Reader: This is the ancient Jewish prayer for the dead. It is not customary to recite the Kaddish during the seder but tonight we would like to take a moment to remember all of our heroes and loved ones who have died. From those taken from this world recently, to those whose absence continues to be as palpable as Elijah's, so many years later, let us remember.

Yitgadal v’yitkadash sh’may raba

b’alma di v’ra chirutay, v’yamlich malchutay b’chayaychon uv’yomaychon

uv’chay d’chol beyt Yisrael,

Ba’agala u’vizman kariv, v’imru, Amein.

Y’hay sh’may raba m’varech l’olam ul’almay almaya.
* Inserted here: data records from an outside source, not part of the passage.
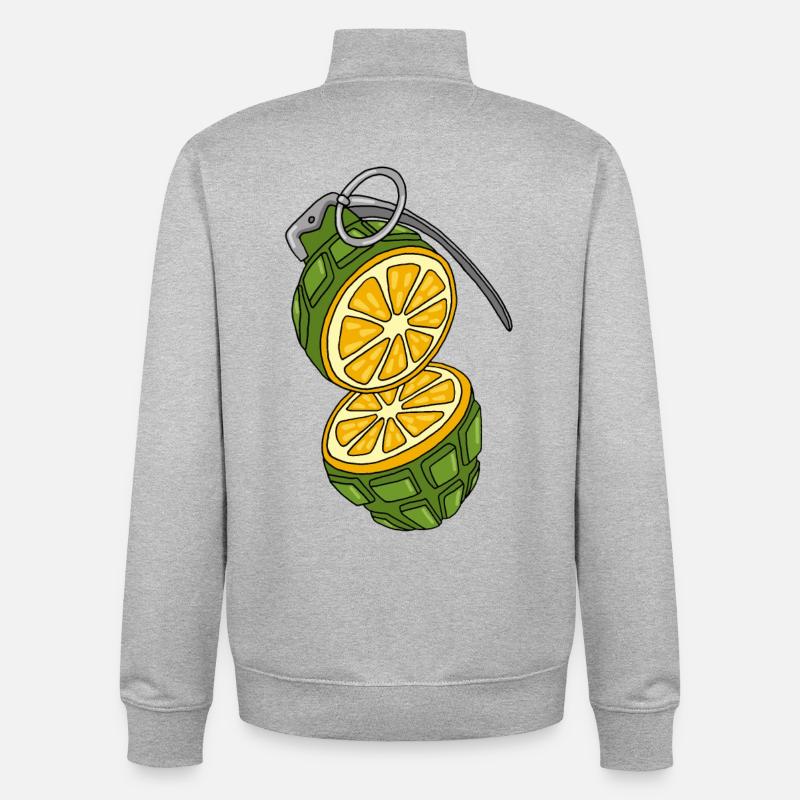 Die Granate ist eine Orange. - Unisex Organic Zip Sweatshirt von Stanley/Stella - Grau meliert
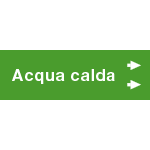 [99C750NBD] 99C750NBD - foglio da 5 etichette fondo verde" ACQUA CALDA"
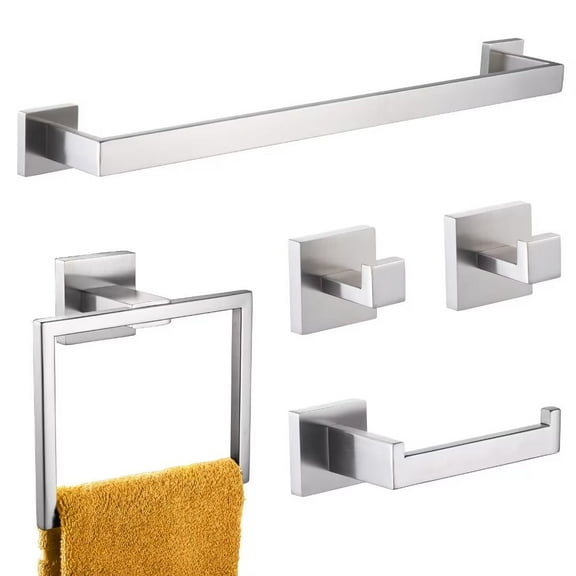 KOKOSIRI Bath Towel Bar Set Toilet Paper Holder Towel Holder Towel Ring Coat Hook x 2 Brushed Steel B09A5-BR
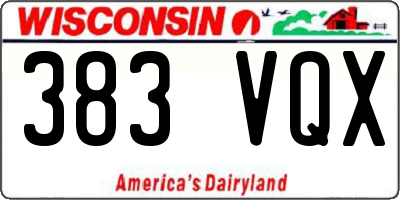 WI license plate 383VQX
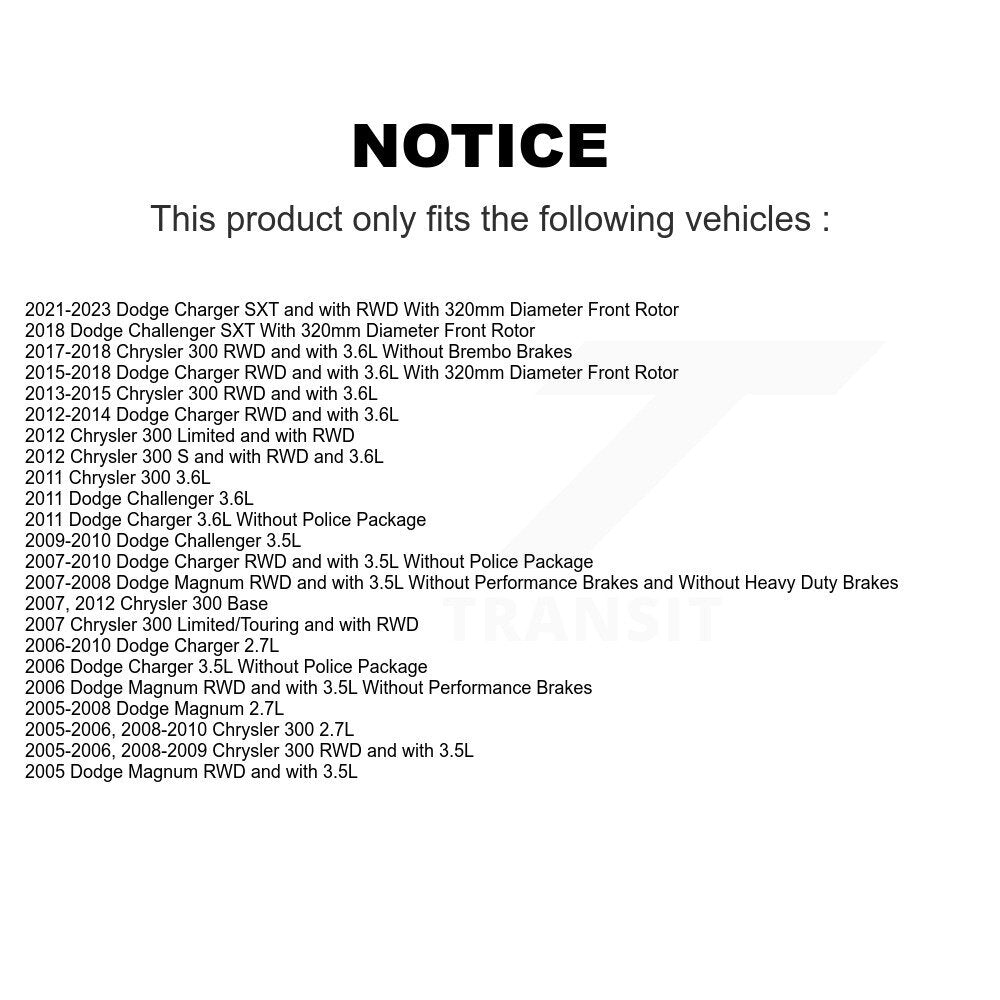 [Avant + Arrière] Kit de disque (percé rainuré revêtu) et plaquette (semi-métallique) de frein pour Dodge Charger Chrysler 300 Challenger Magnum KDF-100246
Yitbarach v’yishtabach v’yitpa’ar v’yitromam v’yitnasay v’yit-hadar v’yitaleh

v’yit-halal, sh’may d’kudsha, b’rich Hu.

L’ayla min kol birchata v’shirata, tush b’chata v’nechemata,

da’amiran b’alma, vimru, Amein.

Y’hay sh’lama raba min sh’maya, v’chayim aleinu v’al kol Yisrael, v’imru,

Amein.

"Small things such as this have saved me: how much I love my mother—even after all these years. How powerfully I carry her within me. My grief is tremendous but my love is bigger. So is yours."

"Nobody will protect you from your suffering. You can’t cry it away or eat it away or starve it away or walk it away or punch it away or even therapy it away. It’s just there, and you have to survive it. You have to endure it. You have to live through it and love it and move on and be better for it and run as far as you can in the direction of your best and happiest dreams across the bridge that was built by your own desire to heal."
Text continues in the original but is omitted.